Heute:
Babsy Blitzschnell fasst sich kurz
GK Michael Amon „Nizza, die Türkei und Europa“
GK Wurzbeth Wurzinger „Amtshilfe in Altmünster“
Liebe Leserleins!
Ich fasse mich kurz: wir wissen noch immer nicht genau, wie der Attentäter von Nizza „funktioniert“ hat. Und genauso wenig wissen wir, was die wirklichen Hintergründe des Putschversuchs in der Türkei sind. Beides werden wir wohl in absehbarer Zeit nicht erfahren. Worüber wir aber jetzt schon sprechen können, das sind die Folgen dieser beiden Ereignisse. Michael Amon war so freundlich und hat sich exklusiv für uns darüber ein paar Gedanken gemacht. Nicht alles an Amons Folgerungen wird uns schmecken. Auch wenn die skizzierten Folgen vermutlich unvermeidbar sind.
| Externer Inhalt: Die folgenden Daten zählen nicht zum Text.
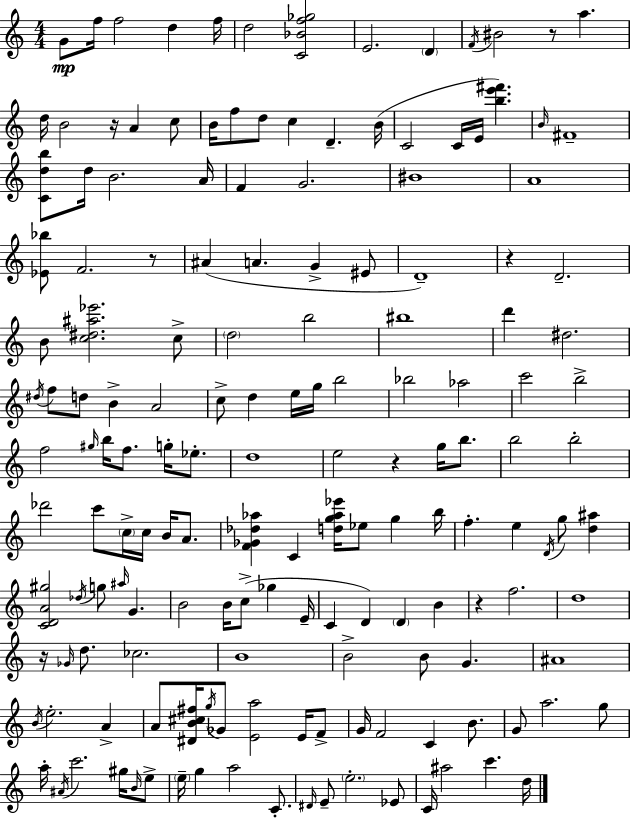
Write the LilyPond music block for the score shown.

{
  \clef treble
  \numericTimeSignature
  \time 4/4
  \key c \major
  \repeat volta 2 { g'8\mp f''16 f''2 d''4 f''16 | d''2 <c' bes' f'' ges''>2 | e'2. \parenthesize d'4 | \acciaccatura { f'16 } bis'2 r8 a''4. | \break d''16 b'2 r16 a'4 c''8 | b'16 f''8 d''8 c''4 d'4.-- | b'16( c'2 c'16 e'16 <b'' e''' fis'''>4.) | \grace { b'16 } fis'1-- | \break <c' d'' b''>8 d''16 b'2. | a'16 f'4 g'2. | bis'1 | a'1 | \break <ees' bes''>8 f'2. | r8 ais'4( a'4. g'4-> | eis'8 d'1--) | r4 d'2.-- | \break b'8 <c'' dis'' ais'' ees'''>2. | c''8-> \parenthesize d''2 b''2 | bis''1 | d'''4 dis''2. | \break \acciaccatura { dis''16 } f''8 d''8 b'4-> a'2 | c''8-> d''4 e''16 g''16 b''2 | bes''2 aes''2 | c'''2 b''2-> | \break f''2 \grace { gis''16 } b''16 f''8. | g''16-. ees''8.-. d''1 | e''2 r4 | g''16 b''8. b''2 b''2-. | \break des'''2 c'''8 \parenthesize c''16-> c''16 | b'16 a'8. <f' ges' des'' aes''>4 c'4 <d'' g'' aes'' ees'''>16 ees''8 g''4 | b''16 f''4.-. e''4 \acciaccatura { d'16 } g''8 | <d'' ais''>4 <c' d' a' gis''>2 \acciaccatura { des''16 } g''8 | \break \grace { ais''16 } g'4. b'2 b'16 | c''8->( ges''4 e'16-- c'4 d'4) \parenthesize d'4 | b'4 r4 f''2. | d''1 | \break r16 \grace { ges'16 } d''8. ces''2. | b'1 | b'2-> | b'8 g'4. ais'1 | \break \acciaccatura { b'16 } e''2.-. | a'4-> a'8 <dis' b' cis'' fis''>16 \acciaccatura { g''16 } ges'8 <e' a''>2 | e'16 f'8-> g'16 f'2 | c'4 b'8. g'8 a''2. | \break g''8 a''16-. \acciaccatura { ais'16 } c'''2. | gis''16 \grace { b'16 } e''8-> \parenthesize e''16-- g''4 | a''2 c'8.-. \grace { dis'16 } e'8-- \parenthesize e''2.-. | ees'8 c'16 ais''2 | \break c'''4. d''16 } \bar "|."
}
Babsy Blitzschnell f. d. Team Gmundl
PS.: Keine Sorge. Die Regio mitsamt Zusatzvereinbarung ist nicht aus unserem Blickfeld verschwunden. Wir haben aber aus Aktualitätsgründen ein wenig umdisponiert. Diese Woche kommt noch was, versprochen!
Nizza, die Türkei und Europa
Gastkommentar von Michael Amon
Das Attentat in Nizza und der Putschversuch in der Türkei haben mehr miteinander zu tun, als man auf den ersten Blick glauben würde. Insbesondere die Auswirkungen dieser beiden Ereignisse werden ganz Europa in den nächsten Jahren beschäftigen.
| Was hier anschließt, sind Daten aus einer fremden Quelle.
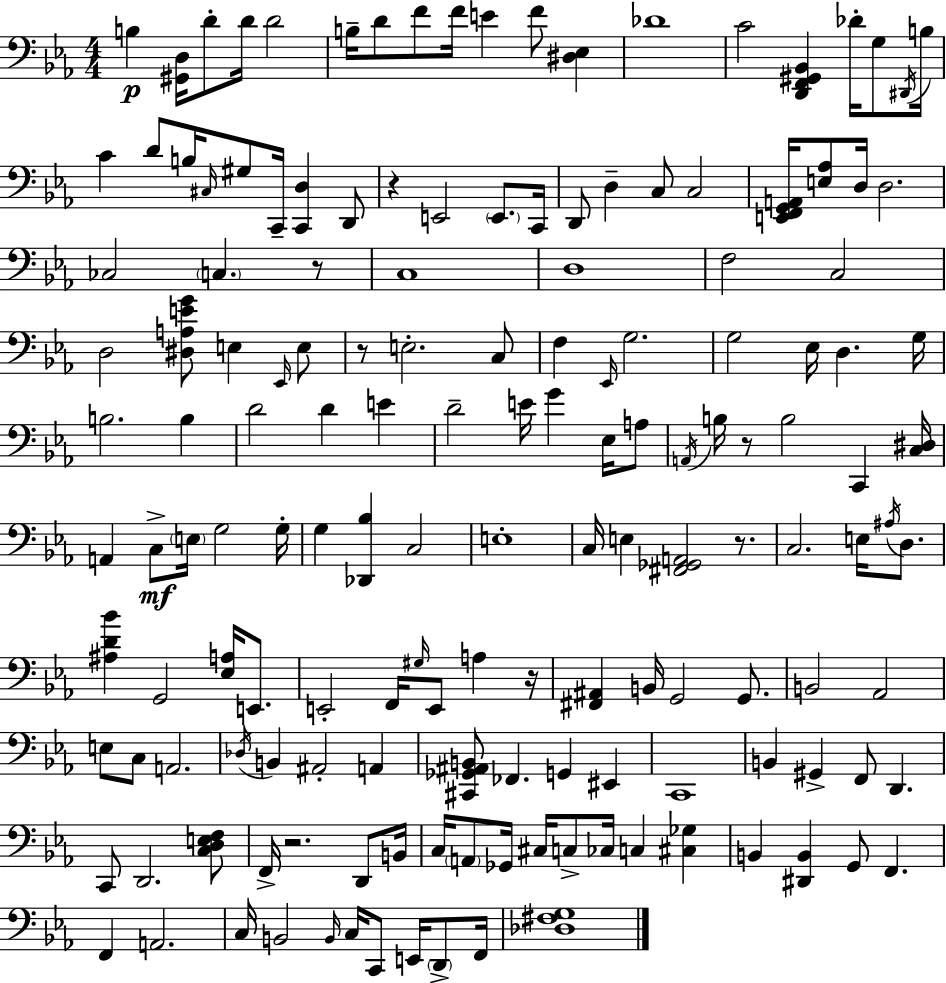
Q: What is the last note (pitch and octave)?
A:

Ganz unabhängig von der Frage, ob es sich in Nizza nun um einen psychopathischen Einzelgänger gehandelt hat, der mit dem Ticket des IS unterwegs war, oder ob es sich vielleicht doch um einen vom IS direkt initiierten Anschlag gehandelt hat: Frankreich hat ein massives Problem, dessen Wurzeln in seiner kolonialistischen Vergangenheit liegen, die bis heute weder aufgearbeitet noch bewältigt worden ist. Die Grande Nation, die sich so stolz »Liberté, Ègalité, Fraternité« auf die Fahnen schreibt, hat sich, was diese drei republikanischen Ideale betrifft, gegenüber ihren Zuwanderern schwer versündigt. Viele von ihnen fühlen sich – durchaus mit Recht – als Menschen zweiter Klasse. Zwar kann man es auch als nordafrikanischer Franzose zu etwas bringen, aber Aufwand und Mühe sind ungleich größer, die Erfolgswahrscheinlichkeit massiv geringer. Die Banlieues der französischen Städte zeugen von diesem Problem. In diesen Banlieues, egal ob in Paris, Nizza oder Marseille, hat sich ein riesiges Subproletariat gebildet: Armut, Kleinkriminalität, Aussichtslosigkeit. Ein ideales Rekrutierungsfeld für Islamisten.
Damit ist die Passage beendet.